Estados Unidos, la principal potencia económica mundial, se ha convertido en el paladín internacional que juzga el grado democrático de las naciones y castiga a las dictaduras con la guerra o el embargo. Sin embargo, como dice el dicho, mira la paja en el ojo ajeno y no la viga en el propio.
El régimen de votaciones norteamericano, y por lo tanto el sistema democrático, dista mucho de ser el ideal. Los dos principios básicos, los pilares sobre los que debiera descansar el andamiaje electoral de un país, son el hecho que todos somos iguales, por lo tanto, cada voto debe valer lo mismo; y el otro es que el ganador lo determina la mayoría de los votos.

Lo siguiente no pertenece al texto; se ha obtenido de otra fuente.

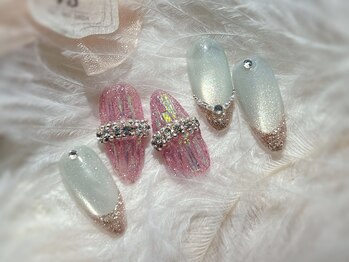 ワイアンドエス(Y&S)/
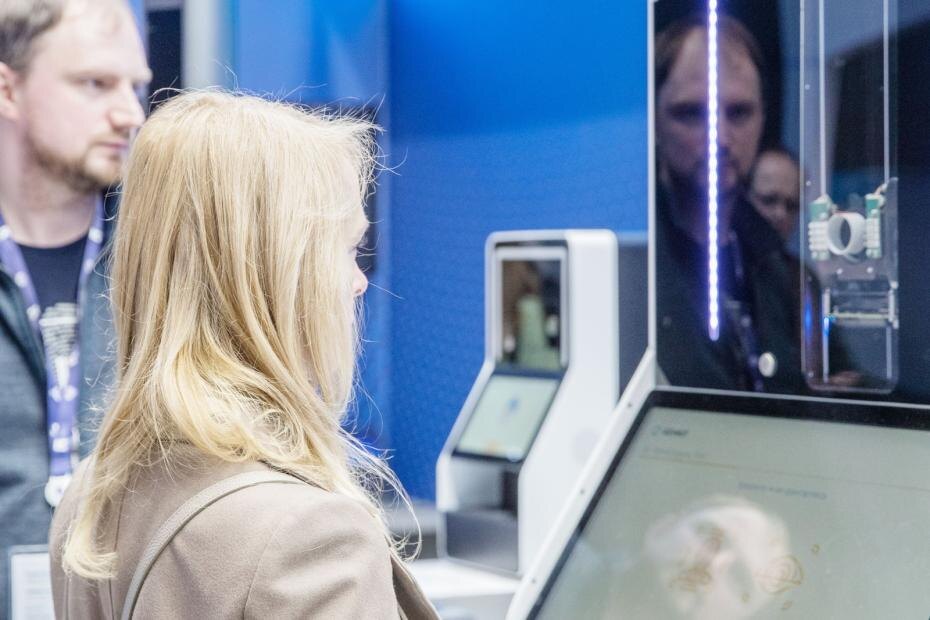    Сергей Булкин/NEWS.ru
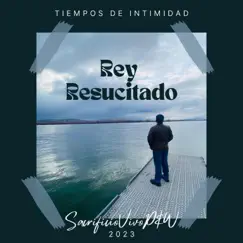 Rey Resucitado Song Lyrics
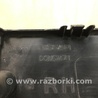 ФОТО Обшивка багажника для Nissan X-Trail T32 /Rogue (2013-) Киев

El mecanismo indirecto que prevalece en nuestro vecino del norte viola ambos principios. A cada entidad federativa se le asigna un número de votos en el colegio electoral hasta sumar 538, mediante el esquema de “el ganador toma todo”. Eso quiere decir que quien gana en un estado, así haya sido por solo por un voto, se lleva todos los puntos asignados y el perdedor cero. Por mencionar los extremos, California cuanta por 50 votos mientras Alaska solo suma 3.
Parte del problema es que la distribución de votos no es justa. Así, por ejemplo, los electores de Wyoming son más valiosos porque solo 92 mil de ellos representan un voto electoral, mientras que en Michigan se necesitan 4 veces más de ciudadanos para contabilizar un voto.

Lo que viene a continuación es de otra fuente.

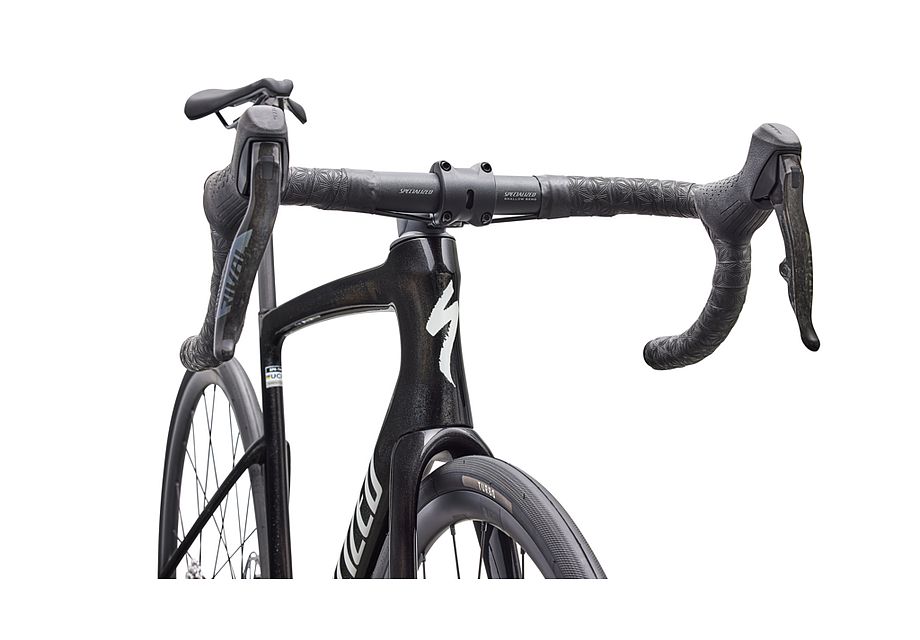 Specialized Tarmac SL9 Comp - SRAM Rival AXS - 2027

Además, como pasó en la primera elección de Donald Trump contra Hillary Clinton, no siempre gana quien obtiene la mayoría de los sufragios. El capricho del sistema vigente, a todas luces caduco y que pudo haber sido conveniente mucho tiempo atrás, puede ofrecer resultados aberrantes. Hillary perdió la elección aun teniendo una diferencia a favor de más de 3 millones de votos populares.
Es cierto también que nuestro sistema tampoco es perfecto. Contamos con incongruencias como la existencia de senadores plurinominales que rompen con el esquema de una representación igualitaria de los estados en la Cámara Alta, o la sobrerrepresentación excesiva de algunas fuerzas políticas en la Cámara Baja, pero cuando menos los principios democráticos rectores prevalecen. En México todos los votos valen lo mismo y gana quien obtiene la mayoría.
Ya es tiempo que Estados Unidos revise su sistema electoral, si es que aspira a mantener su liderazgo económico y político en el mundo.